Como si lo arbitrario necesitara un gesto adicional, durante la cuarentena de 2020 – mientras toda la ciudadanía soportaba restricciones severas – en la porción usurpada se levantaron dos viviendas: una principal y otra secundaria. Sin permisos municipales, sin declarar, violando la medida de no innovar dictada por el juez, desoyendo la normativa sanitaria y edificadas sobre tierra que no les pertenece. Es la consagración de una lógica peligrosa: cuando alguien cree que puede construir primero y explicar después, el derecho deja de ser un límite y pasa a ser un estorbo.
Este caso expone, sin intermediaciones, la asimetría estructural que atraviesa a tantas comunidades: de un lado, quienes sólo tienen su derecho; del otro, quienes creen tener, además, la prerrogativa de imponerse. La comunidad tiene títulos, planos, mensuras, tradición de uso y un proyecto sostenido. El empresario, en cambio, jamás inició una demanda. Jamás cuestionó formalmente los límites del lote. Prefirió avanzar, tomar, encerrar y luego revestir el atropello con una frase que revela más de lo que oculta: “creí que era mío”. Si alcanzara con “creer” para tomar, entonces no hablaríamos de derecho real, sino de derecho del más fuerte. Y eso no es un sistema jurídico: es la negación misma del pacto democrático.

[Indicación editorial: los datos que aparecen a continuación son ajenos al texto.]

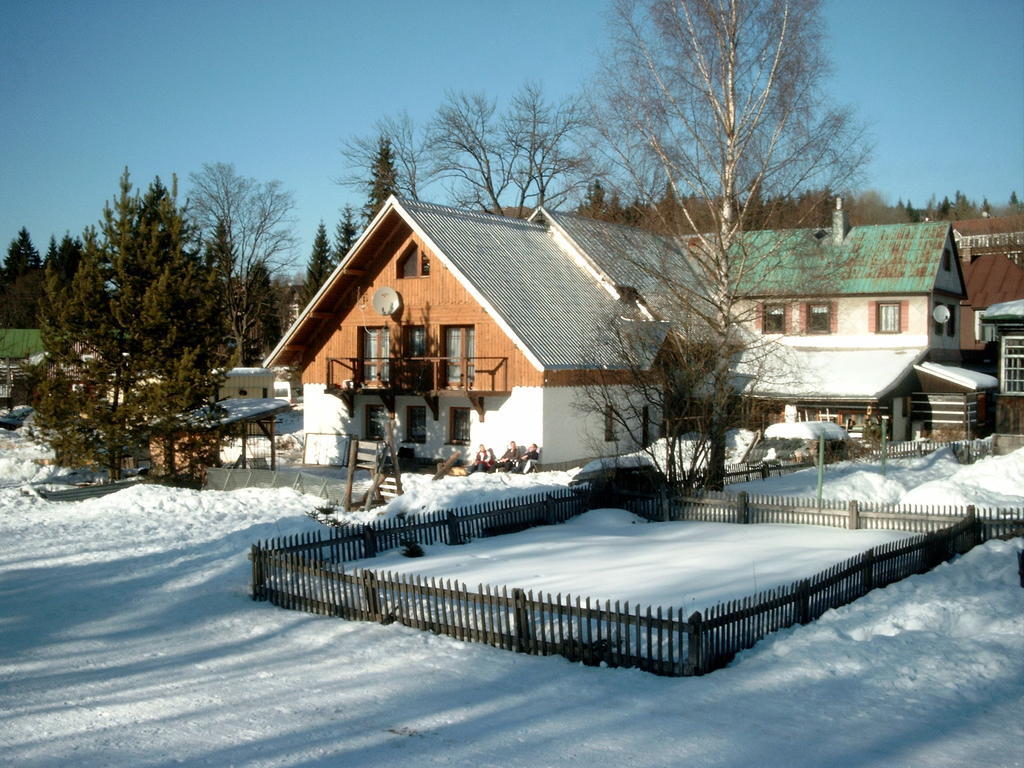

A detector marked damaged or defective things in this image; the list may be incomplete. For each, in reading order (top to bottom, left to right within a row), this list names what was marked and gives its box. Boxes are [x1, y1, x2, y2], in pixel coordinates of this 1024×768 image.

rusty green metal roof [737, 222, 950, 296]
rusty green metal roof [0, 327, 42, 358]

Lo que reclama la comunidad no admite matices: restitución inmediata de la fracción usurpada, reconstrucción del muro destruido, reparación integral de los daños y la conclusión del proceso penal cuya definición está fijada para diciembre de 2025. No piden privilegios ni excepciones: piden lo que la ley ya reconoce como suyo.

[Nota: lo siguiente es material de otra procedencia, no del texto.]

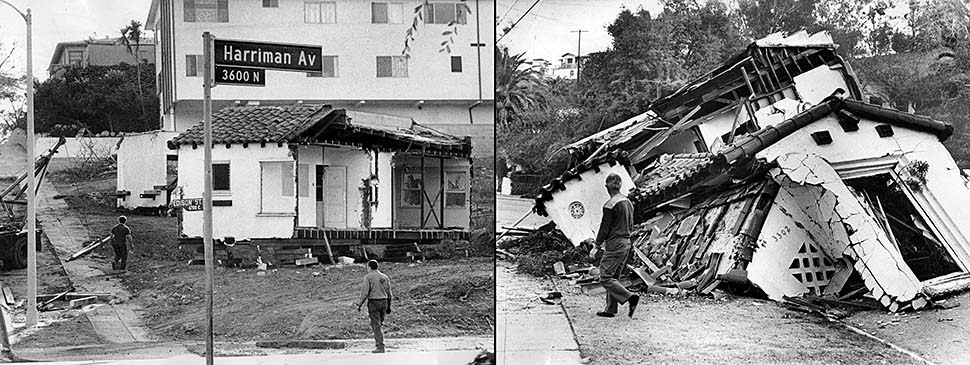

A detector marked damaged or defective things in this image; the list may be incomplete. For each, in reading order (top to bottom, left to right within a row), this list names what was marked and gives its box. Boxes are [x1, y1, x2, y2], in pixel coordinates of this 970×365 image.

cracked stucco wall [756, 114, 968, 272]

Pero este caso, además, interpela al sistema judicial. ¿Puede una comunidad confiar en que sus derechos serán protegidos aunque enfrente a un actor con recursos, apellido o influencia? ¿Puede creer que la propiedad, la posesión y la dignidad serán reparadas sin que el poder económico imponga su tiempo y sus reglas? Este conflicto recuerda algo elemental: la usurpación no es un desajuste privado; es un atentado al orden público, porque reinstala – aunque sea simbólicamente – la lógica de que quien puede más, toma más.
No hay espacio aquí para la relativización. No hay zona gris. Lo que ocurrió es claro, verificable y jurídicamente inequívoco: una fracción del terreno de MJA fue usurpada por Juan Budano Roig mediante un acto unilateral, violento y carente de cualquier sustento legal.
Y ante eso, la única respuesta compatible con la Constitución y con la igualdad ante la ley es la que viene sosteniendo la comunidad desde hace años: acudir a los tribunales, exigir reparación, visibilizar el atropello y reclamar – con paciencia, pero también con firmeza – que la justicia haga lo que debe hacer. Porque donde la fuerza suplanta a la ley, donde la prepotencia pretende instalarse en lugar del debido proceso y donde la propiedad se avasalla sin consecuencia, no hablamos de un conflicto: hablamos de una injusticia que exige ser reparada.
Y hay una comunidad entera que merece recuperar, sin más dilaciones, lo que siempre fue suyo.